# [PROMPT]
Exclude the pictures. Transcribe exactly, and only, the lines from the one holding "Audi A4 (2022) thumbnail 2" to the end of the material below.

# [DATASET EXTRACT]
== Segment start ==
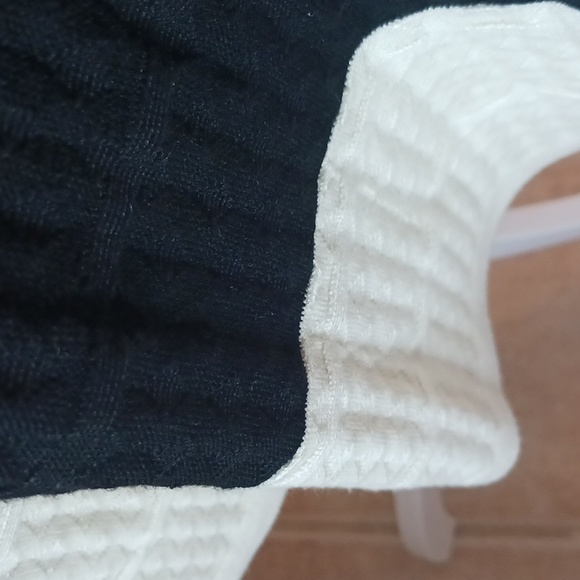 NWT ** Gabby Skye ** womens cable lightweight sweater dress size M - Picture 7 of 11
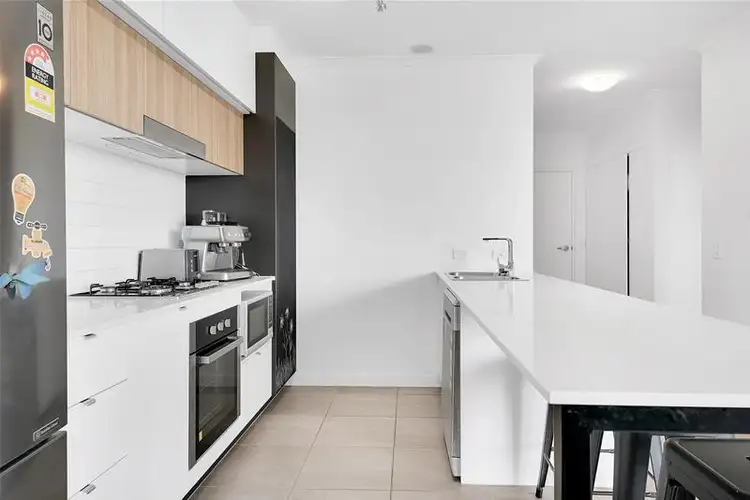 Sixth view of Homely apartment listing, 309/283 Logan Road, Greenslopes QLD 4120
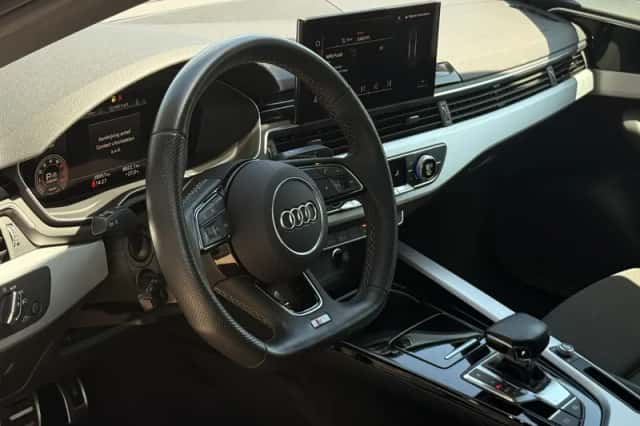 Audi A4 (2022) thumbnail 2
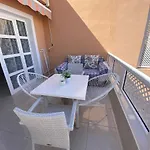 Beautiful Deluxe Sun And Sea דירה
== Segment end ==
# [ANSWER BOX]
 Audi A4 (2022) thumbnail 2
 Beautiful Deluxe Sun And Sea דירה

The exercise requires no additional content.